◆ Material to process ◆
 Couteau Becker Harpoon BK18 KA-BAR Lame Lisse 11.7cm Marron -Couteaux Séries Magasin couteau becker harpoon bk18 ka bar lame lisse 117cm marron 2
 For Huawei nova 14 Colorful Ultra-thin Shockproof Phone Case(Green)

==

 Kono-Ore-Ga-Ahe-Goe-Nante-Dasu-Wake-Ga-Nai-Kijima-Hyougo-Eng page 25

...

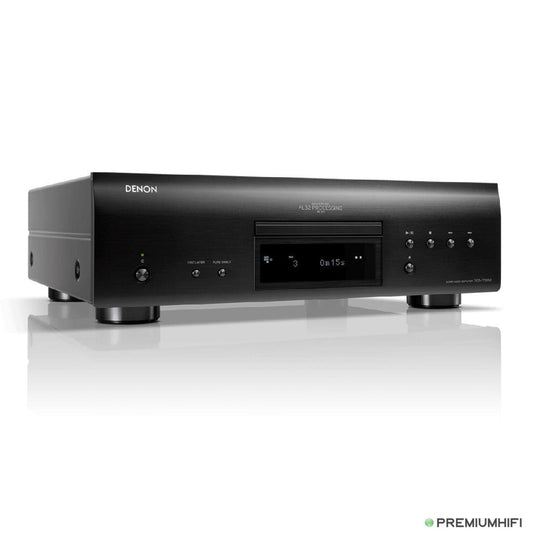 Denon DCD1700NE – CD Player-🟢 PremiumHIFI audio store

◆ Problem description ◆
In the listing above, find the line containing "Couteau Becker Harpoon BK18 KA-BAR" and the line containing "For Huawei nova", then repeat those two lines and everything between them exactly.

◆ Task response ◆
 Couteau Becker Harpoon BK18 KA-BAR Lame Lisse 11.7cm Marron -Couteaux Séries Magasin couteau becker harpoon bk18 ka bar lame lisse 117cm marron 2
 For Huawei nova 14 Colorful Ultra-thin Shockproof Phone Case(Green)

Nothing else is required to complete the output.